Around the world, birds are in crisis
Scott Edwards paused his cross-country bike trip when he spotted a flash of black, white and red. It was a red-headed woodpecker. “I got my first good look today,” he said. He was phoning from his tent in Illinois later that night. He had seen their distinctive black and white wings while riding. “But I hadn’t seen the red head until today, so I was very excited.”
Edwards is an ornithologist — a bird researcher — at Harvard University in Cambridge, Mass. Over this past summer, he rode across the United States. In part, he did it to see the country.
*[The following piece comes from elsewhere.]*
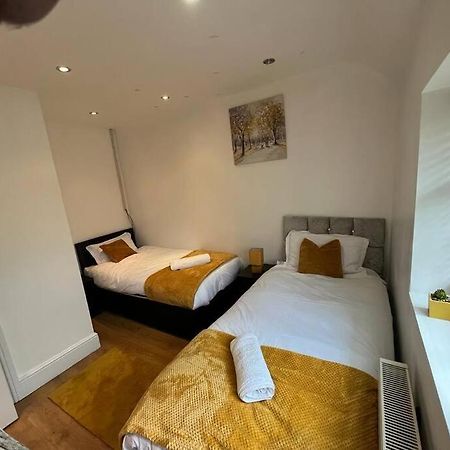 Fabulous 3 Bedroom House , Sleeps Up To 5-7 Guest. South Ockendon Exterior foto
But he also used the trip to do some serious bird-watching. That’s something he’s been doing for more than 40 years.
When he was growing up in the Riverdale neighborhood of the Bronx, in New York City, there were lots of trees, he recalls. When he was nine or 10, a neighbor took him bird-watching. Edwards has been doing it ever since. But finding those birds is getting more difficult. “It’s quieter,” he says of their songs and calls. “The numbers [of birds] are way down.”
And Edwards is hardly the only one to notice it. Scientists around the world have been finding the same thing.
A 2018 study by Bird Life International concluded that birds around the world are in trouble. There are about 11,000 species of birds. Four in every 10 species of them are decreasing in number, the study found. That’s true for all kinds of birds living in all types of habitats.